Philippa had quite a lot of news, in those early days, to pass on through Hepsibah to Francis Crawford. There were letters, if you knew where to look for them, from Gabriel to Roxelana Sultán, and from Rustem Pasha, the Grand Vizier with the army. There were snatches of talk overheard between Gabriel and Roxelana. There was evidence, finally, incontrovertible, that the supposed sedition of the Prince Mustafa against his father and his father’s Grand Vizier had been something fabricated by Rustem Pasha, by Gabriel and by Roxelana, the mother of the Sultan’s next heir. And that the chain of events which led to the death of Mustafa at the hands of the Sultan was due to them also.

At home in Flaw Valleys, Philippa had seen plenty of violence: had watched Flaw Valleys overrun by its enemies, and her father ride out again and again to come back with half of his company: the rest dead men tied to their saddles. Intrigue and sudden death had been the stuff of government in her country as long as she could remember. But this was the first time Philippa herself had brushed shoulders
with it: had been forced to take it by the diseased hand and use it for her own ends.

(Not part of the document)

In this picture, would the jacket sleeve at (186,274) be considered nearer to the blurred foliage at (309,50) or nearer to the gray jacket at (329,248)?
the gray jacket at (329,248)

She was frightened. Dealing with Hepsibah she used a bright, matter-of-fact tone which covered her nervousness. She was shocked by the Jewess’s tranquillity. She knew—probably everyone knew—that in order to make himself Sultan, Suleiman’s father had strangled two brothers and five of his nephews. But at least the guilt was on his own head. The tragedy had been re-enacted by this Sultan through no fault of his own, but the machinations of Roxelana, his lover and helpmeet.

Nor to Philippa’s direct mind was it clear how this information could benefit Francis Crawford. No single man, and a foreigner already suspected at that, was going to overthrow the three most powerful people in the Empire next to Suleiman himself with any ease, whatever the proofs. Likelier by far that to keep his love and his pride, the Sultan would declare the proof forged, whatever his private misgivings, and would throw their accusers instead to the lions. It was not her business, however, to say as much to Hepsibah. Since Lymond had asked for it, she passed on as much as she knew; and waited, her stomach turning, for what the rest of the winter would bring.

Of Kuzúm, she now saw much less; and in that, sickeningly, she saw Gabriel’s hand. Once she heard him calling, ‘Are you there, Fippy? Come out to Kuzúm?’ and heard his treble explain, after a space, ‘I need to waiting for Fippy to come out.’ He had run out of the courtyard and up the harem steps to discover her, but when she got there he was gone. The head nurse said he was at his lessons, but she could not discover what lessons she meant. Unless the grovelling ritual whose traces she had seen, for the first time, on the day of the Ambassador’s visit.

When she did see him he looked pale, but although he said little, he sat very close. He had also begun to lean more on Tulip: perhaps, thought Philippa drearily, he felt a child near his own age less likely to betray him. She heard Kuzúm scolding him sometimes, over the wall: That a too much mouthful, Tulip.’ At least, that way, he was keeping his English. She knew the nurses had orders to talk nothing but Turkish to him now.
The shepherd clutch thee fast: the wolves are many
, said the words of Jelál, ringing all day in her head.
O my black lamb, O my black lambkin, heed me!